Como é óbvio, não era isso o que o Bloco de Esquerda pretenderia, mas creio que essa situação tem de ser salvaguardada. E, do nosso ponto de vista, não está inteiramente salvaguardada neste projecto de lei, na medida em que se tutela, de facto, a situação de dependência económica mas se essa dependência tiver resultado da sua colaboração para a vida e economia comum do casal. Ora, do nosso ponto de vista isto não chega, porque essa situação de dependência económica pode não ser voluntária, pode não ser assumida por ambos.

Portanto, dever-se-ia encontrar aqui uma forma de salvaguardar que quem requer o divórcio contra a vontade do outro cônjuge tenha de assumir esse ónus. Assim, não pode ser beneficiado por isso, obviamente, mas também não se pode criar uma solução em que o outro cônjuge fique numa situação insustentável sem poder reagir contra ela. Portanto, é na procura dessa solução justa que nos norteamos.

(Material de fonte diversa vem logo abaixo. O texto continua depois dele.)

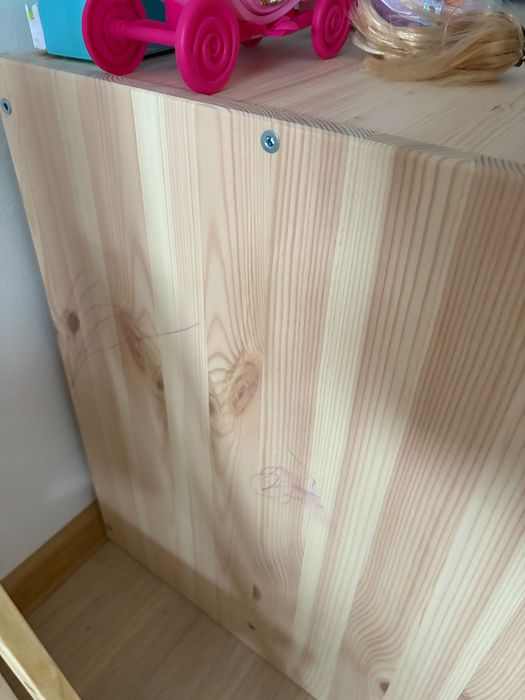 Trofast z pojemnikami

Já agora, quero referir que também discordamos de uma norma prevista no projecto de lei, quando se diz que o cônjuge que requer o divórcio pode pedir alimentos. Isto poderá ser muito discutível, mas entendemos que deve ser discutido.

Há dois cônjuges que têm uma situação económica diversa, que resultará do divórcio, designadamente porque um deles teria bens de família anteriores, ou seja, estão numa situação de desigualdade, e o cônjuge que está na situação, em princípio, mais desfavorável requer o divórcio contra o outro mas pede alimentos.

Não nos parece que isso seja muito curial, porque pode dar azo a situações em que alguém oportunistamente pede o divórcio, o que também dever-se-ia evitar.

Creio que estas objecções não são insuperáveis e que com a iniciativa legislativa que temos aqui, aprovando-a, teremos condições para resolver estes problemas, mas há efectivamente questões que não estão resolvidas. Para que se encontre uma solução justa é preciso que os problemas sejam devidamente equacionados, encontrando-se uma solução em que se evite que alguém tenha de estar casado contra a sua vontade mas não se criando aqui um mecanismo que possa ser utilizado, de uma forma oportunista, por uns cônjuges contra os outros à custa da dissolução do casamento.

Portanto, é esta a nossa posição de princípio. Somos favoráveis à introdução, na ordem jurídica portuguesa, do princípio do divórcio a pedido de um dos cônjuges, mas entendemos que isso deve ser feito encontrando uma solução que seja justa e que não crie situações de desigualdade e de injustiça relativamente ao cônjuge requerido em benefício do cônjuge requerente.